Assigned task: Print all of the data exactly, but drop the pictures.

Raw data:
--- START ---
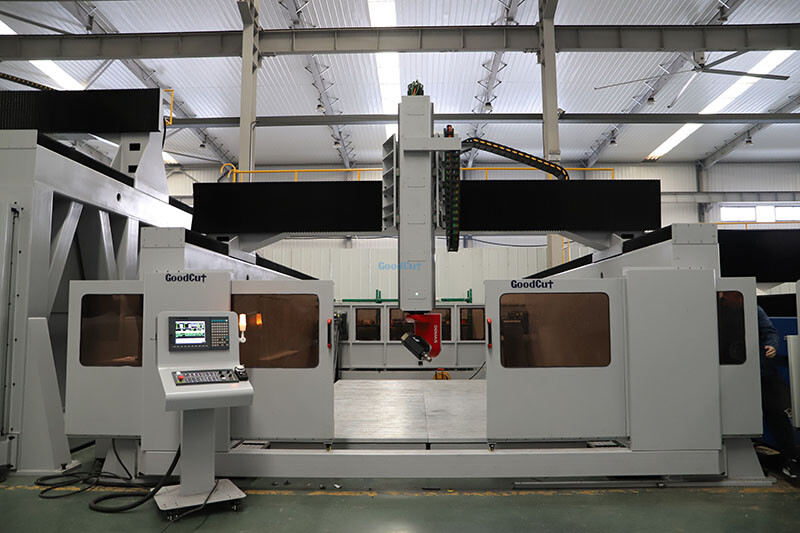 Machine CNC à 5 axes GC1325 pour la sculpture sur bois, pierre, mousse et moules avec broche à 5 axes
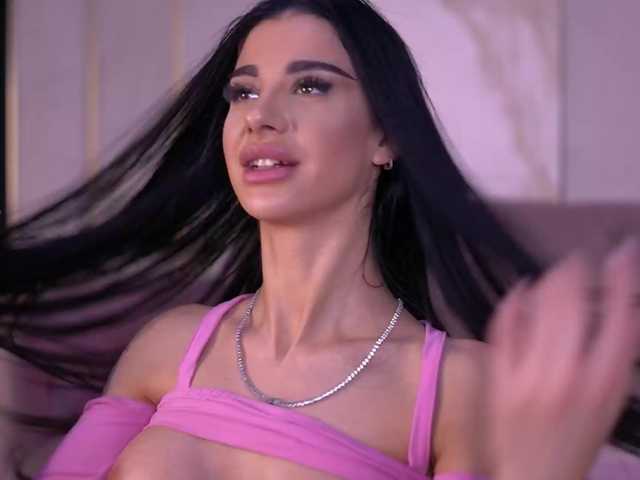 ArinaRhodes's BongaCams show and profile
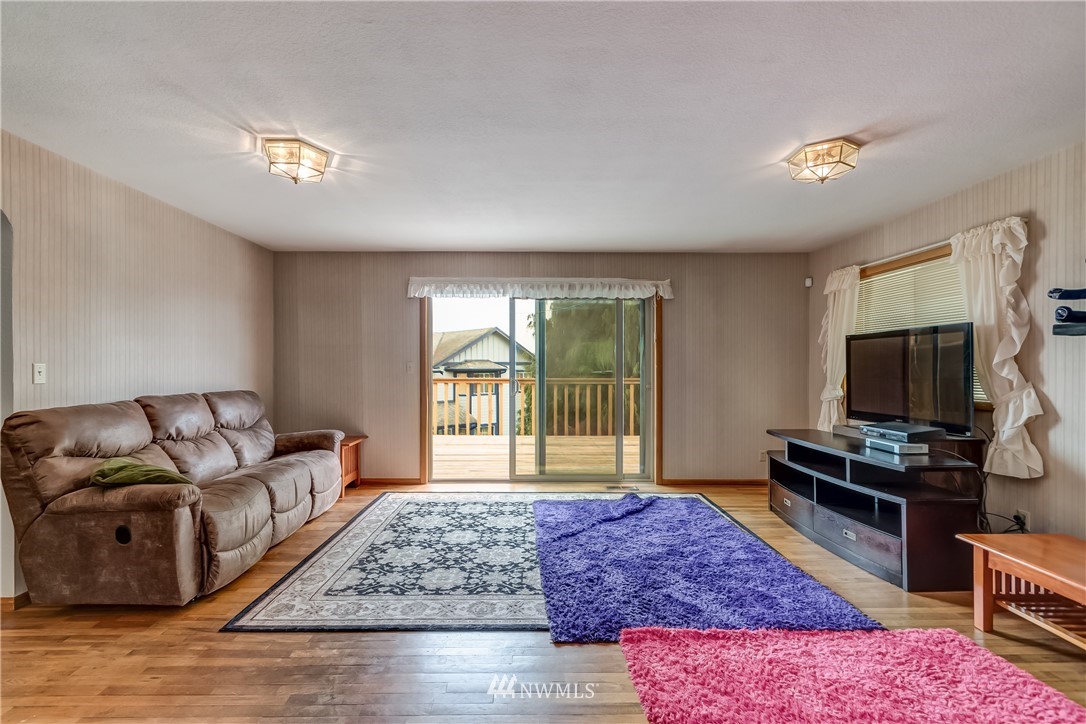 2291 Douglas Road Ferndale, WA 98248 - Photo 10 of 24 Gallery Image 10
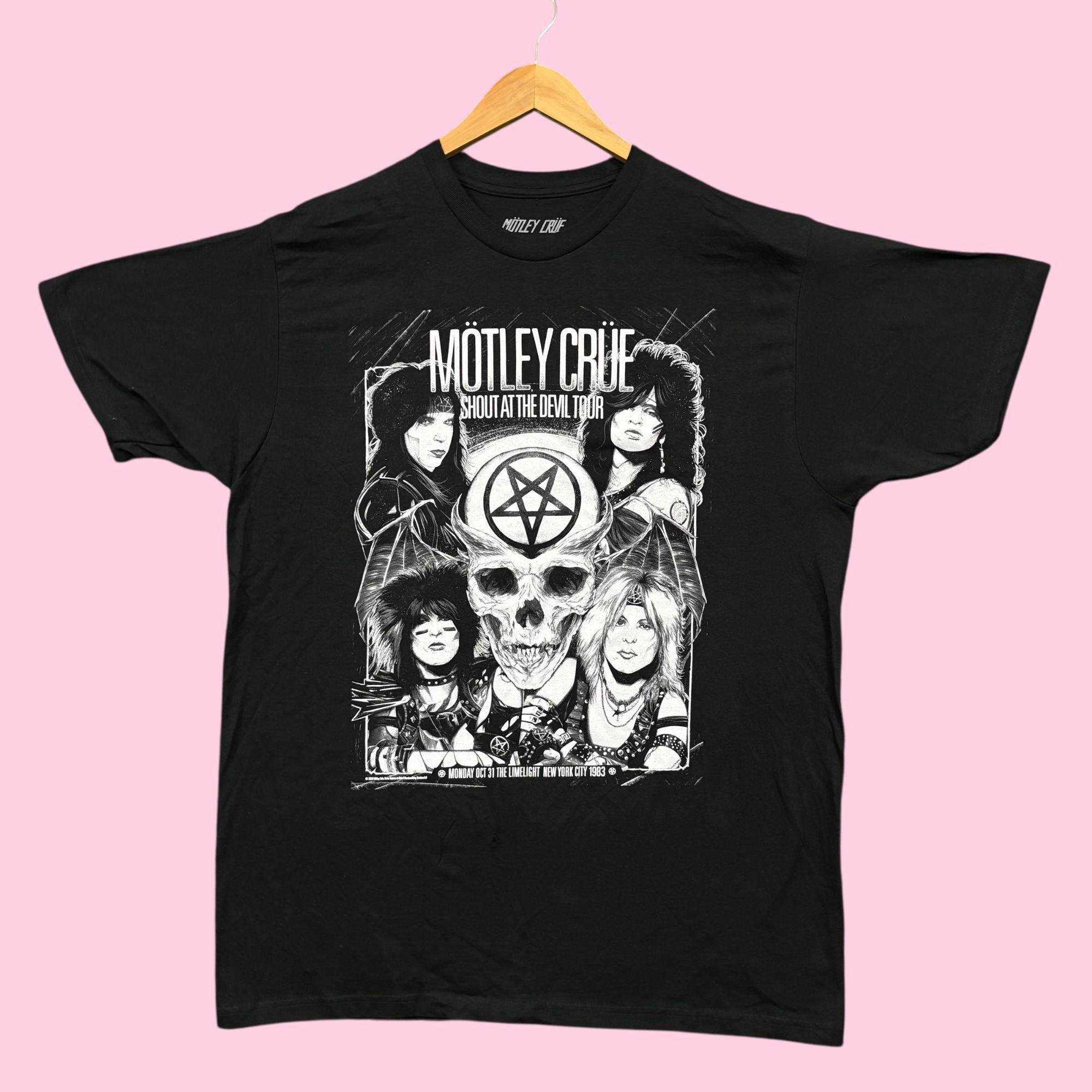 Band Tees Motley Crue Shout At The Devil Tour Heavy Metal Band Tee Xl Hoodie Sweatshirt | PrintMintTees.com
--- END ---
Problem solution:
 Machine CNC à 5 axes GC1325 pour la sculpture sur bois, pierre, mousse et moules avec broche à 5 axes
 ArinaRhodes's BongaCams show and profile
 2291 Douglas Road Ferndale, WA 98248 - Photo 10 of 24 Gallery Image 10
 Band Tees Motley Crue Shout At The Devil Tour Heavy Metal Band Tee Xl Hoodie Sweatshirt | PrintMintTees.com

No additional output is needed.